From a PR perspective, current brand offerings of personalised labels and products have started hundreds of media and social conversations, but it raises the question of ‘is what is on offer really paradigm shifting, or is it mass consumerism under a new guise?’
Evolving technology has allowed brands to create new offerings and show a deeper understanding of their consumers, create talkability and reinforce loyalty. With the generational shift from simply owning a product, to seeking out an experience or emotional connection with purchases, brands are taking offerings up a level, treating people as individuals to create unbreakable bonds between brands and consumers.

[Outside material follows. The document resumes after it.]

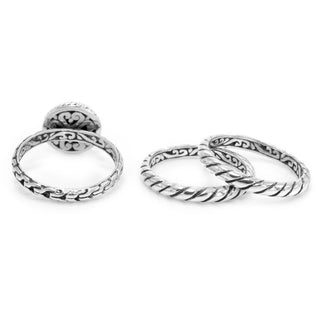 Sterling Silver Chainlink Black Spinel Stack Ring Set Of 3 - Last Chance - only found at SARDA™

The concept of personalisation isn’t a new consumer trend and the argument could be made that the shoppers are attracted to experiences once offered pre mass-consumerism. Before the age of supermarkets and department stores, many shoppers had their particular butcher, baker and grocer who knew them by name and how they liked their bread sliced. Back in the 1930s, Charles of the Ritz in New York (now known as the Ritz-Carlton) offered their visitors a personalised powder press service. The beauticians would blend and press a powder shade matched to each customer’s skin tone in an extremely personal experience. The process made its way into department stores as they grew in popularity in the 1950s – video viewable here
As population numbers grew, along with mass production and consumer demand for cheaper products, personalised services fell by the wayside as people wanted a quick solution. Since the turn of the century, personal experiences and deeper connections with brands have become part of shoppers everyday lives, from exclusive offers to experiential marketing campaigns, brands try to entice consumers to purchase their products and experiences as well as build trust. Online personalisation is far easier to attain, as computer algorithms get more sophisticated, personalisation of online shopping has grown from simple segmentation of product types, and purchase recommendations, based on repetition connected to demographic groups, to the introduction of Artificial Intelligence (AI) online assistants able to answer questions pertaining to that individual’s needs.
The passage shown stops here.